'Splitting a file based on number of records and file size
I have a file which contains 100 records... Each record has different size, like some are 1 KB while some are 1 MB. I want to split the file based upon number of records, let's say 5. and each sub file should have maximum file size as 2 MB. When we use the split command, we can use -b/C for giving the file size parameter and we can use -n to give the number of lines or records we want to use in each files. But in split we can only use either file size parameter or number of records parameter any one of them, not both.
Is there any way or any alternative of split, that I can use to achieve both? split a file into sub files, each containing less than or equal to 5 records/ lines or each sub file with less than or equal to 2 MB.
secanrios:
- file with 5 records and size 2MB
- file with 1 record and size 2 MB
- file with 5 records and size 1 MB
absacsacsa...... 1 KB zzsasabsac...... 1 MB absacsacsa...... 2 KB zyasbsacsacsa...... 2 MB cbsacsacsa...... 1 B . . .
The real file has almost 3 million lines, so I cant use any manual approach, i.e checking each lines, reading file, etc as it takes hours to process. I'm just looking for some command like split which can take two parameters, split is quite fast, but unfortunately only takes single parameter.
Solution 1:[1]
The following assumes that "2MB" is 2000000, "records" are lines, the "size" of a "record" is the number of characters. It has been tested with GNU awk.

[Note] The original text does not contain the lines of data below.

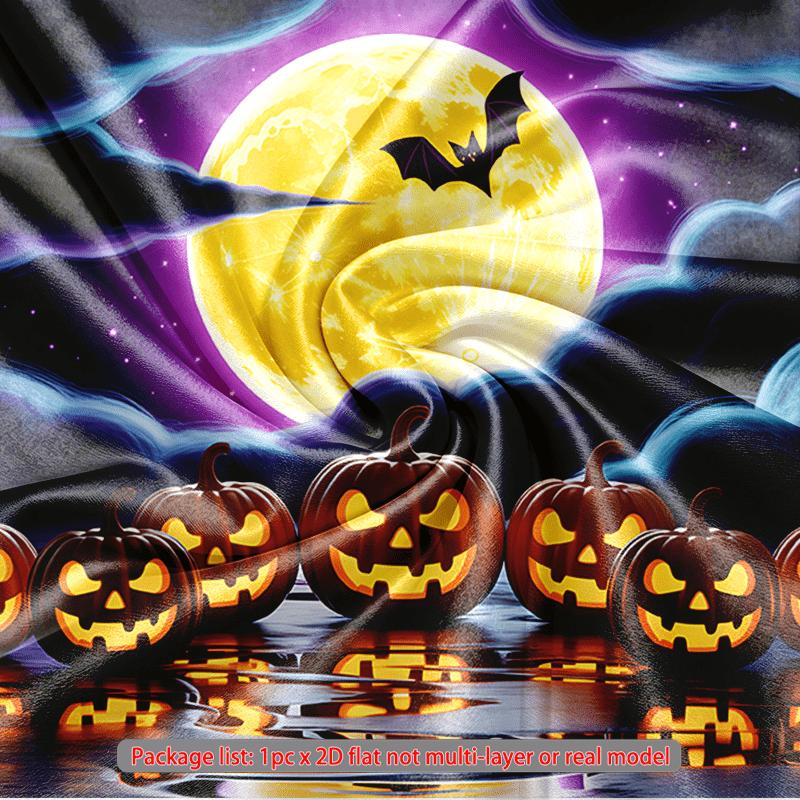 Pumpkins Bat Full Moon Halloween Theme Banner, Multicolor Polyester Backdrop for Wall Hanging & Photo Booth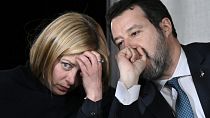 Primeira-ministra italiana, Giorgia Meloni, e ministro das Infraestruturas, Matteo Salvini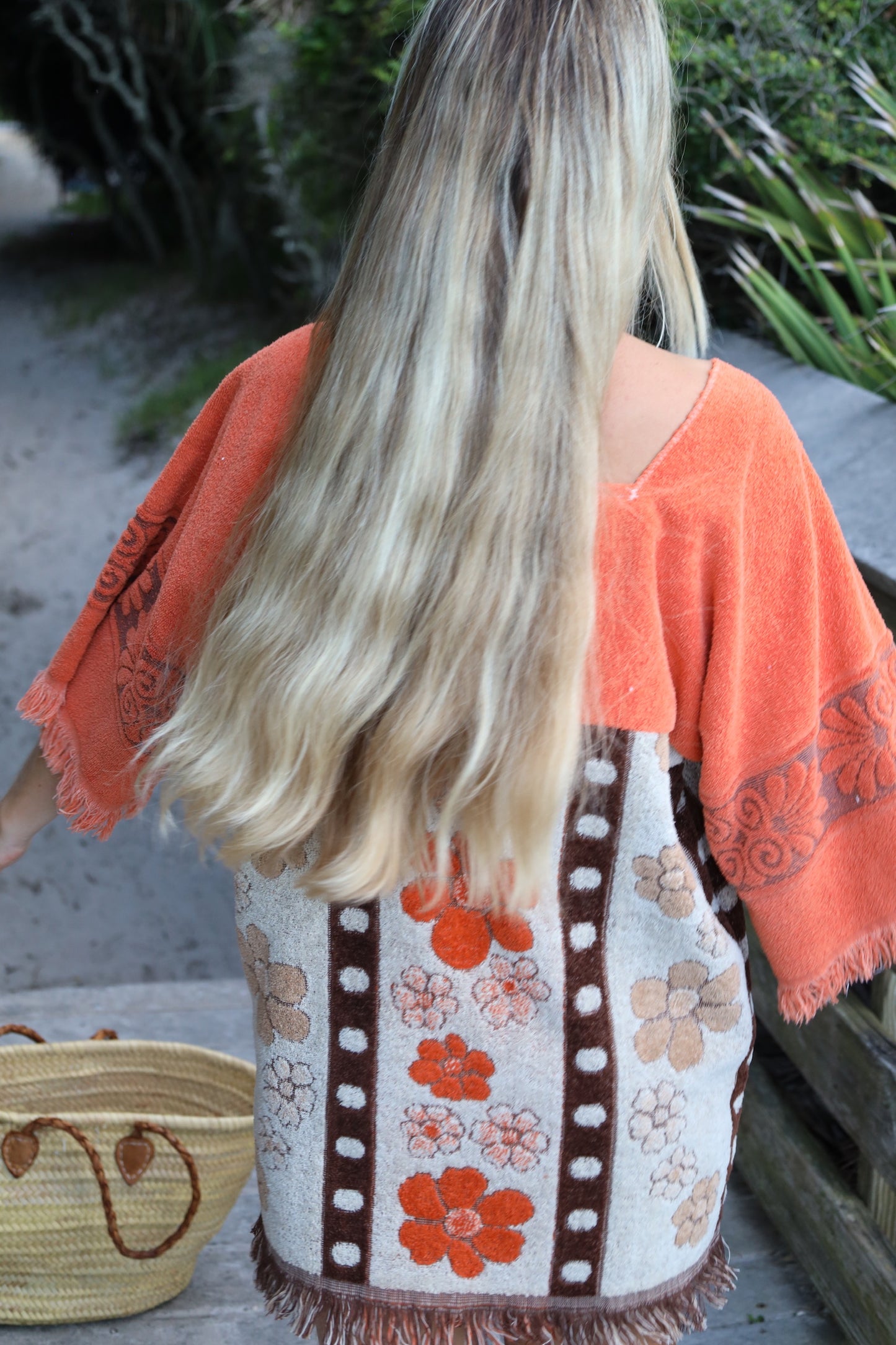 Orange & Brown Floral Towel Dress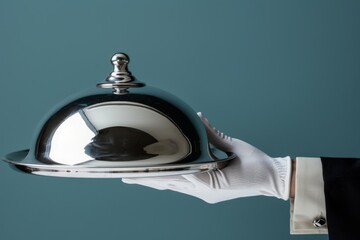 Elegant service with a silver cloche tray held by a gloved hand for refined dining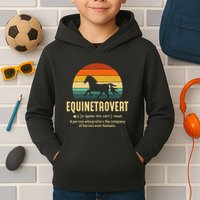 Equinetrovert Equestrian Equine Introvert Kids Hoodie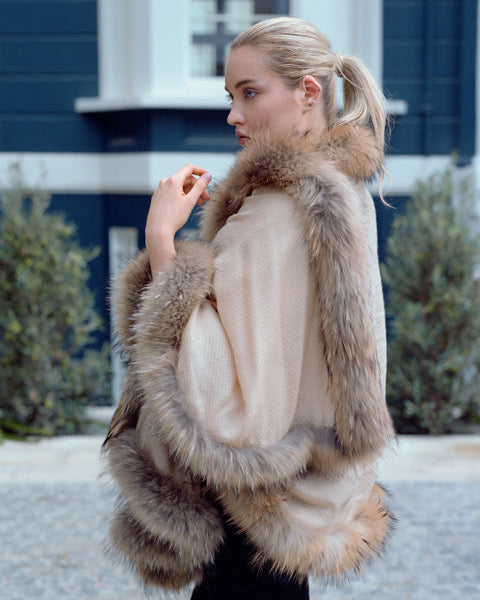 Cashmere Wrap with Natural Brown Fox Fur Trim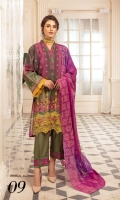 - Chunri Embroidered Viscous Shirt - Chiffon Dupatta - Plain Trouser 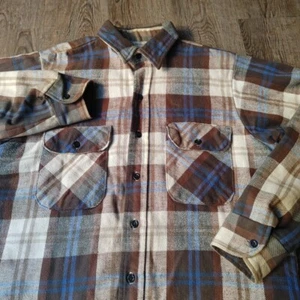 Vintage Five Brother Jacke Herren mittelbraun kariert Flanell Steppfutter Made in USA - Bild 1 von 9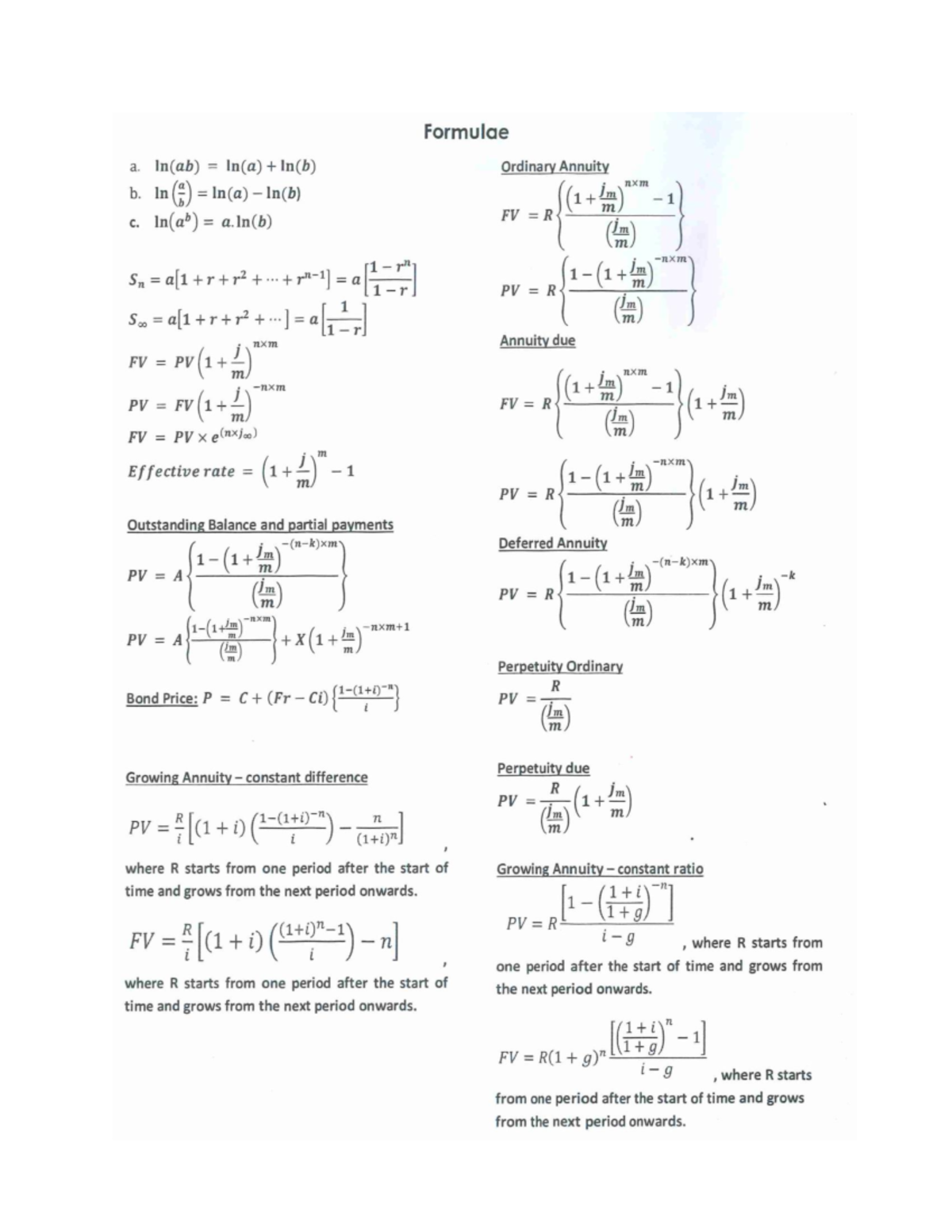 FM101 Formula Sheet 2024: Annuities, PV, FV, and Bonds - Studocu
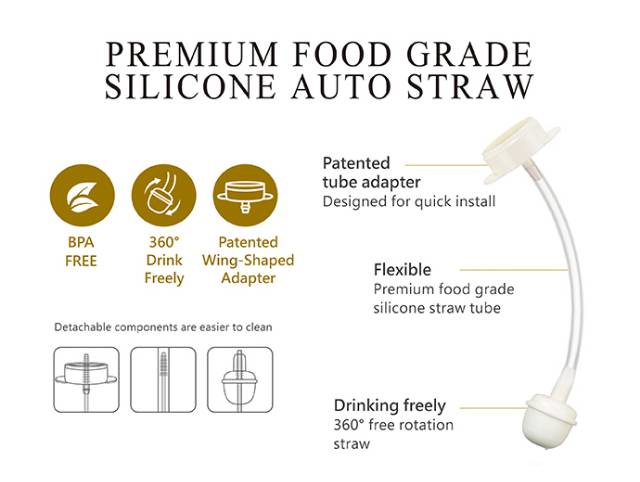 SIMBA Dorothy PPSU Wide Neck Feeding Bottle with Auto Straw &amp; Handle 200ml S61871 S61870 S61874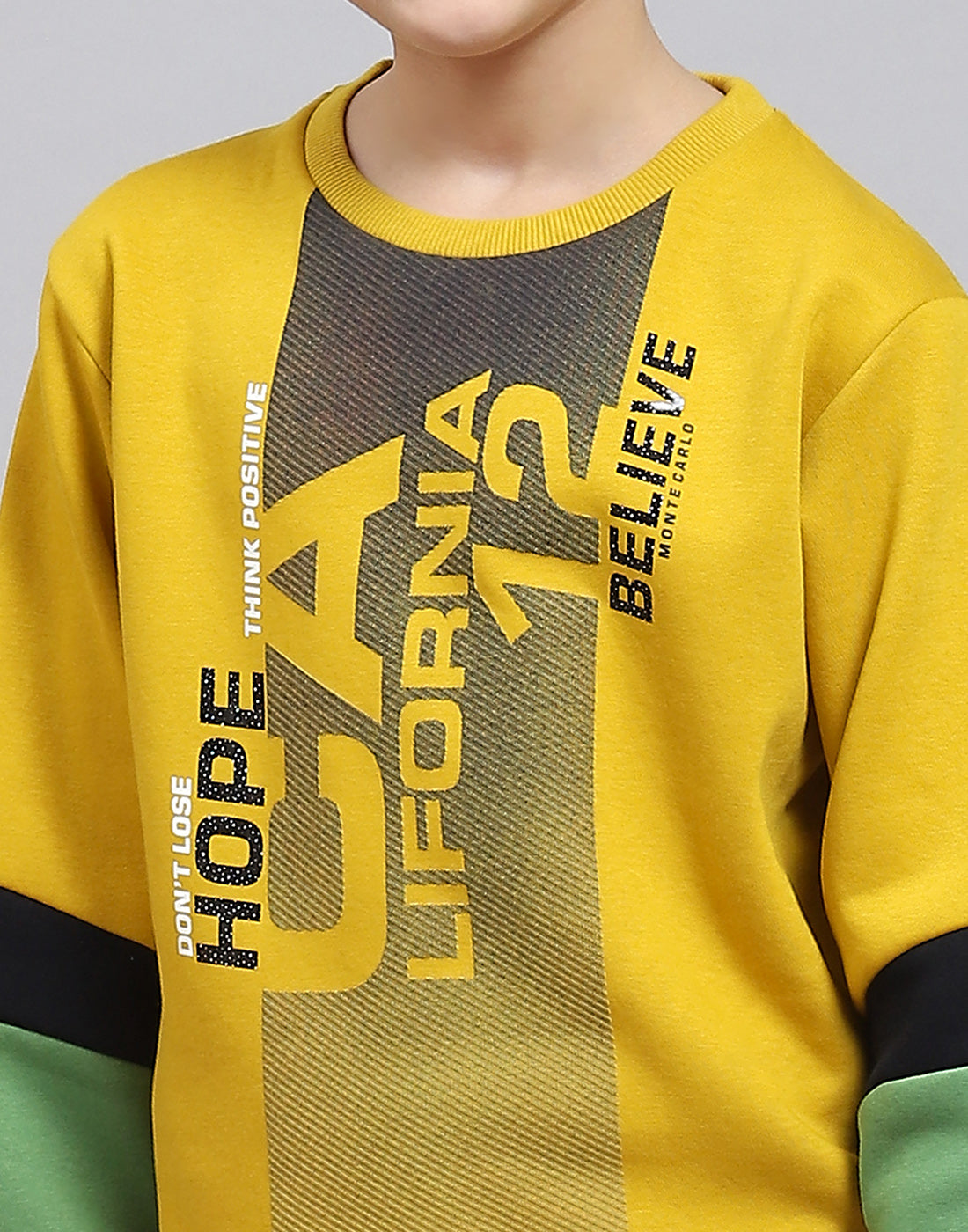 Boys Yellow Printed Round Neck Full Sleeve Tracksuit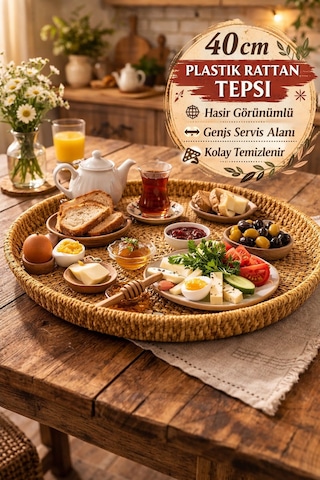 Doğal Hasır Görünümlü Plastik Rattan Tepsi Yuvarlak Dekor Servis Tepsisi Sunum Organizer 40 Cm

awk -v smax=2000000 -v lmax=5 -v n=0 -v c=0 -v name=xxx000000 '
function next_file() {
print name, n, sum
close(name)
c += 1
name = sprintf("xxx%06d", c)
n = 0
sum = 0
}
sum + length($0) + 1 > smax {
next_file()
}
{
print > name
n += 1
sum += length($0) + 1
}
n == lmax {
next_file()
}
END {
if(n > 0) {
print name, n, sum
}
}
' file
smax
is the maximum size per file. lmax
is the maximum number of lines per file. n
, sum
and c
are internal variables used to count lines, compute cumulated sizes and count the created files.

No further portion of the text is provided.